== Work order ==
Everything below from the line with "Hi there, this" through the line with "That concludes the" should be copied exactly, and nothing else; leave out the pictures.

== Dataset extract ==
******************************
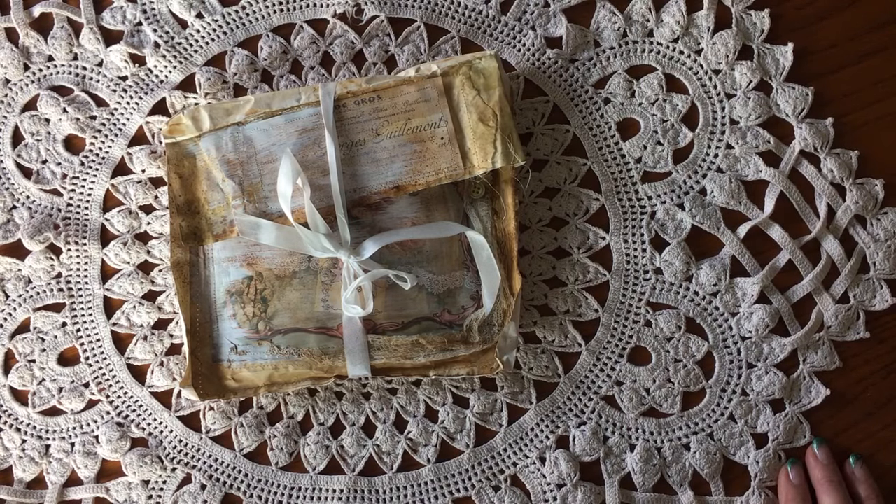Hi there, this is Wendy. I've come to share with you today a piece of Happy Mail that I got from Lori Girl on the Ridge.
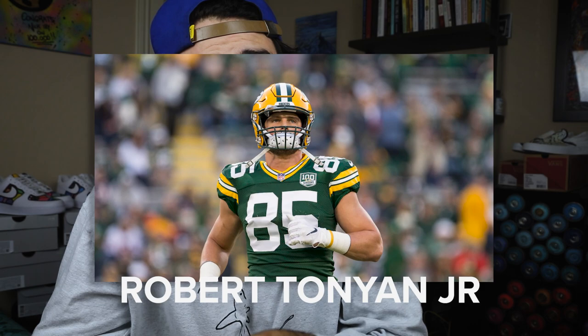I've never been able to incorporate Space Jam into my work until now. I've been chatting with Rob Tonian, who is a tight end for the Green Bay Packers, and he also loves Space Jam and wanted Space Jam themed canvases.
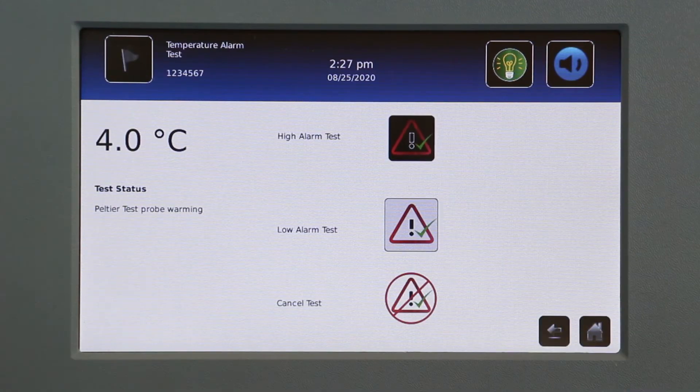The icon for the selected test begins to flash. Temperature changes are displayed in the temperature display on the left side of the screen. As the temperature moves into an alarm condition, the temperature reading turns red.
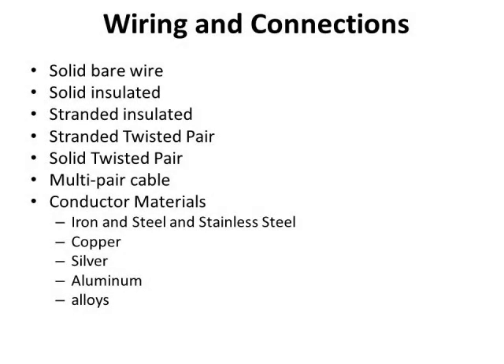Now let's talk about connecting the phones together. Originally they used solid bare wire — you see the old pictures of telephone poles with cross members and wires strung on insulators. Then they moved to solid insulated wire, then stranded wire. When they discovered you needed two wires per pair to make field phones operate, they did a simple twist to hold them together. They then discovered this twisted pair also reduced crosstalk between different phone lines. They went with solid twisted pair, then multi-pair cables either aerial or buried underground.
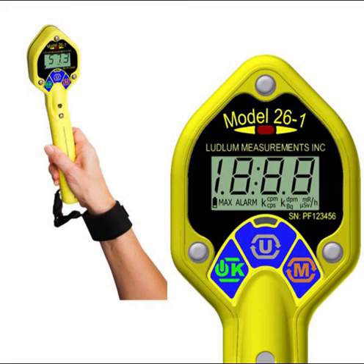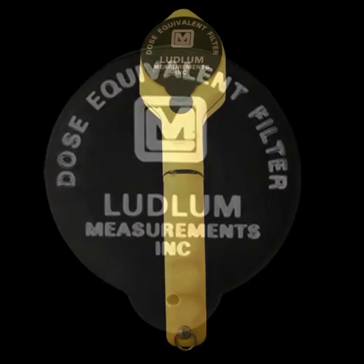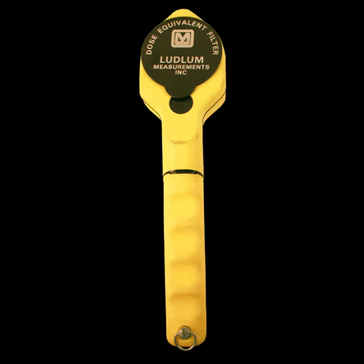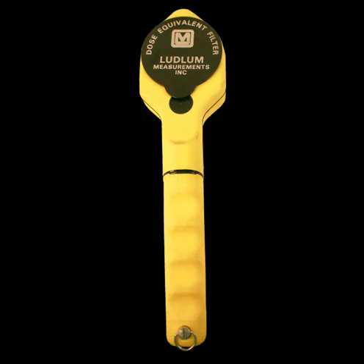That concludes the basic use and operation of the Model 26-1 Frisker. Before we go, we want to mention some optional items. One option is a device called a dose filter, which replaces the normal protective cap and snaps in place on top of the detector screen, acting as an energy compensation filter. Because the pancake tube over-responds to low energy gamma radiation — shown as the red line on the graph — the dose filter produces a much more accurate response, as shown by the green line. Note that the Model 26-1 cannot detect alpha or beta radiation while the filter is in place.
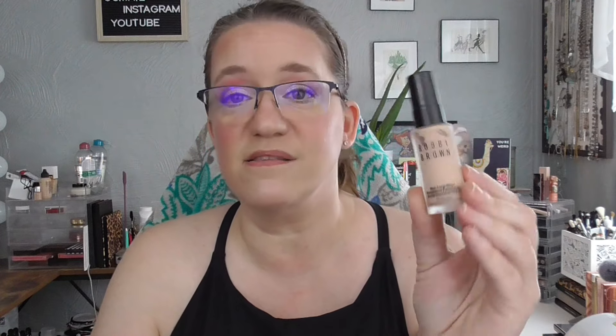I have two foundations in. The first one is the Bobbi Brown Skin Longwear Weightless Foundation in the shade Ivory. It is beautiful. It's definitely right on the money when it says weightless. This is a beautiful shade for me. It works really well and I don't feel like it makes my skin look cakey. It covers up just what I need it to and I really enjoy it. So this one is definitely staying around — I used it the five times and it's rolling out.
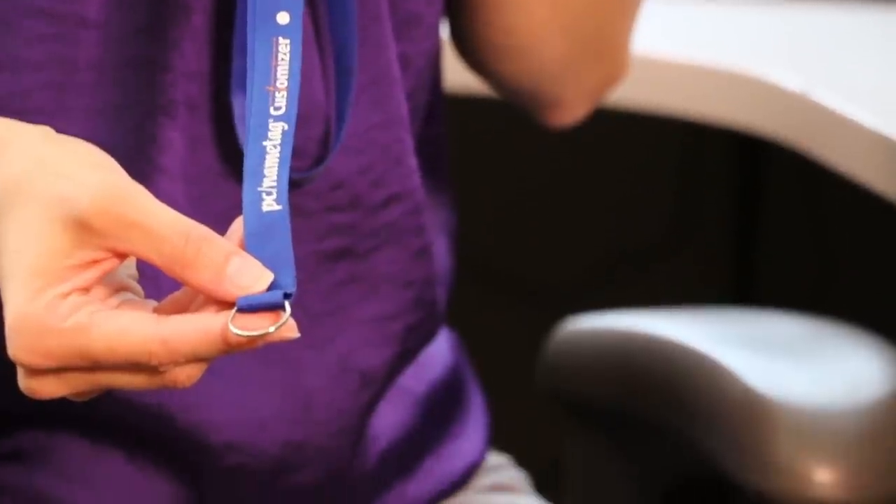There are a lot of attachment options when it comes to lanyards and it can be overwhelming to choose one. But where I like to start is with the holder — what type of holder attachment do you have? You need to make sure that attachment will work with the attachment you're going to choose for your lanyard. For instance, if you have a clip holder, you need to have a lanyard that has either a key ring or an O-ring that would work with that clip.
******************************
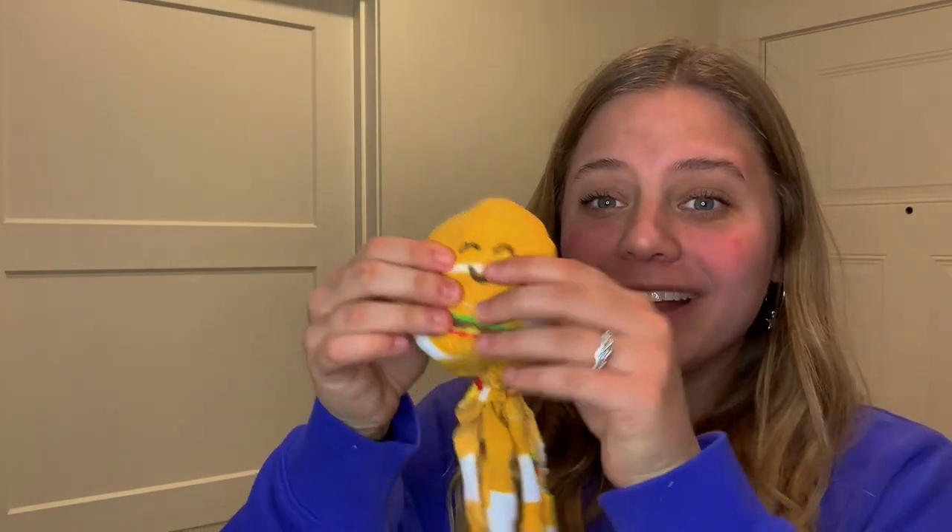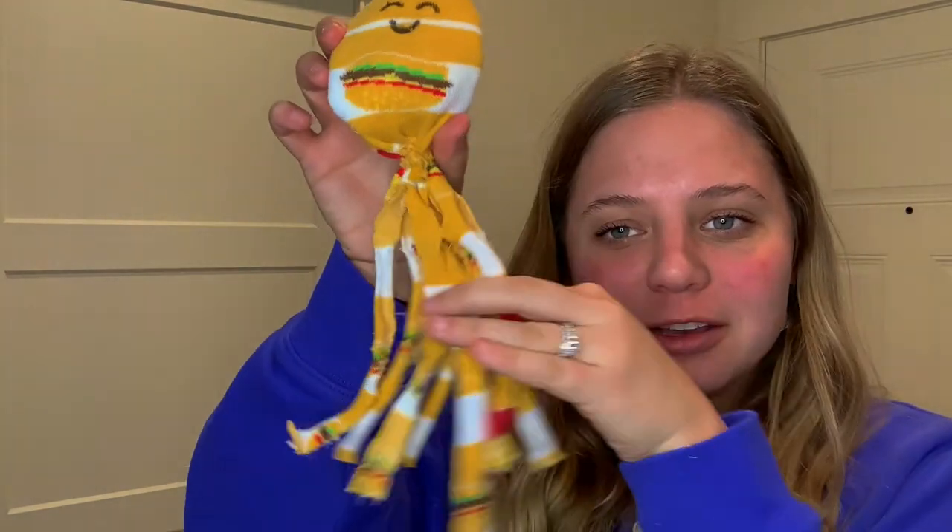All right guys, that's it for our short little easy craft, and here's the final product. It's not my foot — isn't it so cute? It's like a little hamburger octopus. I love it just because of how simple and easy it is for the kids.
******************************
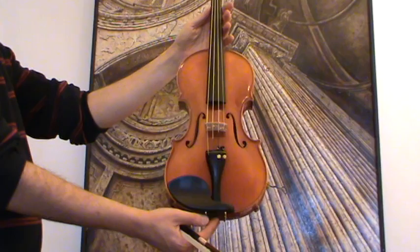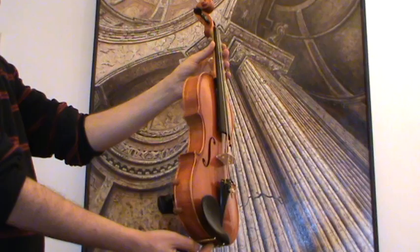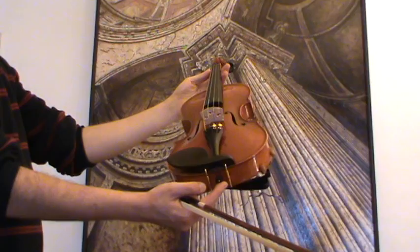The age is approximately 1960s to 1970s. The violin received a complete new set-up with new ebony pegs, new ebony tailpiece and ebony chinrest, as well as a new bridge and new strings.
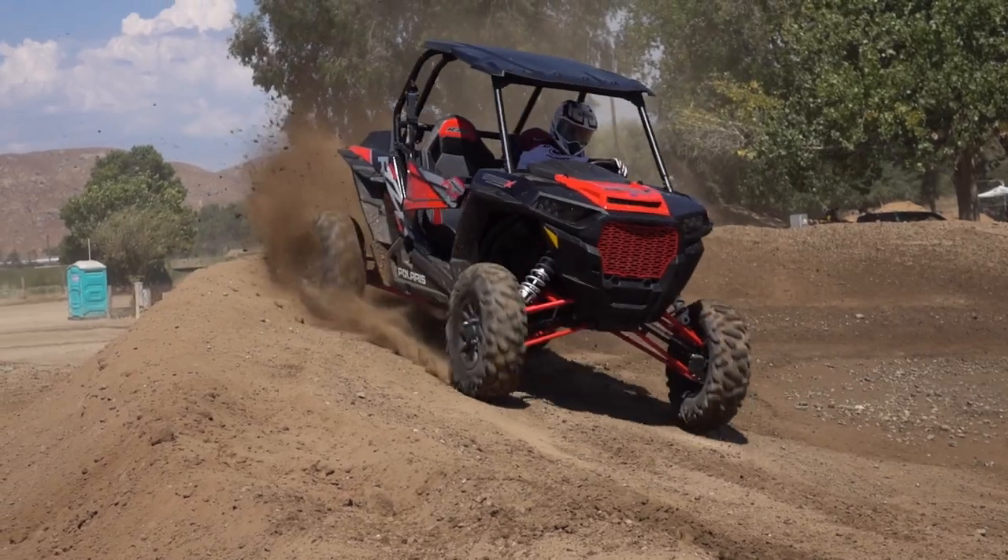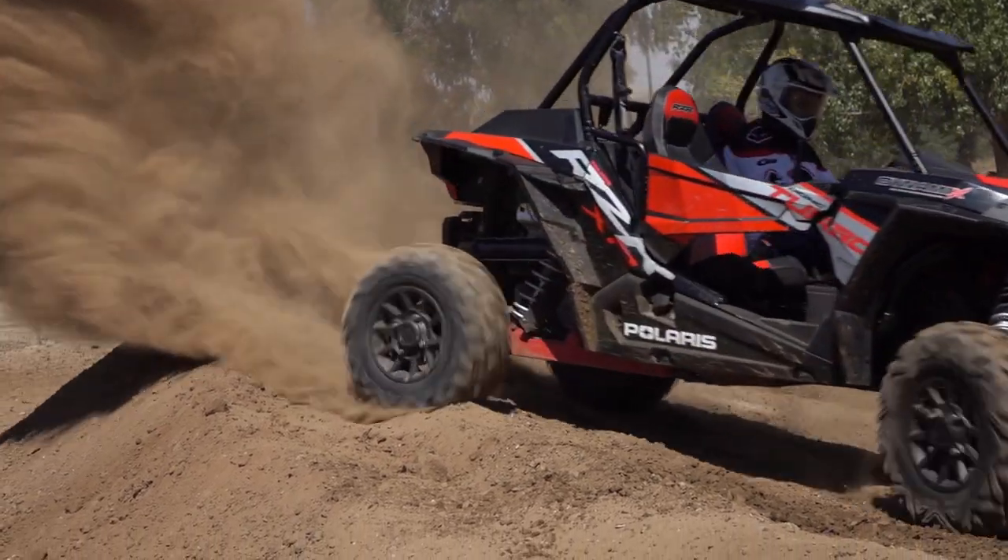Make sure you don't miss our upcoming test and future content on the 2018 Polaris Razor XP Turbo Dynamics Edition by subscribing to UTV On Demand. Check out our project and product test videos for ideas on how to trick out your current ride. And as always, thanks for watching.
******************************
== Task output ==
Hi there, this is Wendy. I've come to share with you today a piece of Happy Mail that I got from Lori Girl on the Ridge.
I've never been able to incorporate Space Jam into my work until now. I've been chatting with Rob Tonian, who is a tight end for the Green Bay Packers, and he also loves Space Jam and wanted Space Jam themed canvases.
The icon for the selected test begins to flash. Temperature changes are displayed in the temperature display on the left side of the screen. As the temperature moves into an alarm condition, the temperature reading turns red.
Now let's talk about connecting the phones together. Originally they used solid bare wire — you see the old pictures of telephone poles with cross members and wires strung on insulators. Then they moved to solid insulated wire, then stranded wire. When they discovered you needed two wires per pair to make field phones operate, they did a simple twist to hold them together. They then discovered this twisted pair also reduced crosstalk between different phone lines. They went with solid twisted pair, then multi-pair cables either aerial or buried underground.
That concludes the basic use and operation of the Model 26-1 Frisker. Before we go, we want to mention some optional items. One option is a device called a dose filter, which replaces the normal protective cap and snaps in place on top of the detector screen, acting as an energy compensation filter. Because the pancake tube over-responds to low energy gamma radiation — shown as the red line on the graph — the dose filter produces a much more accurate response, as shown by the green line. Note that the Model 26-1 cannot detect alpha or beta radiation while the filter is in place.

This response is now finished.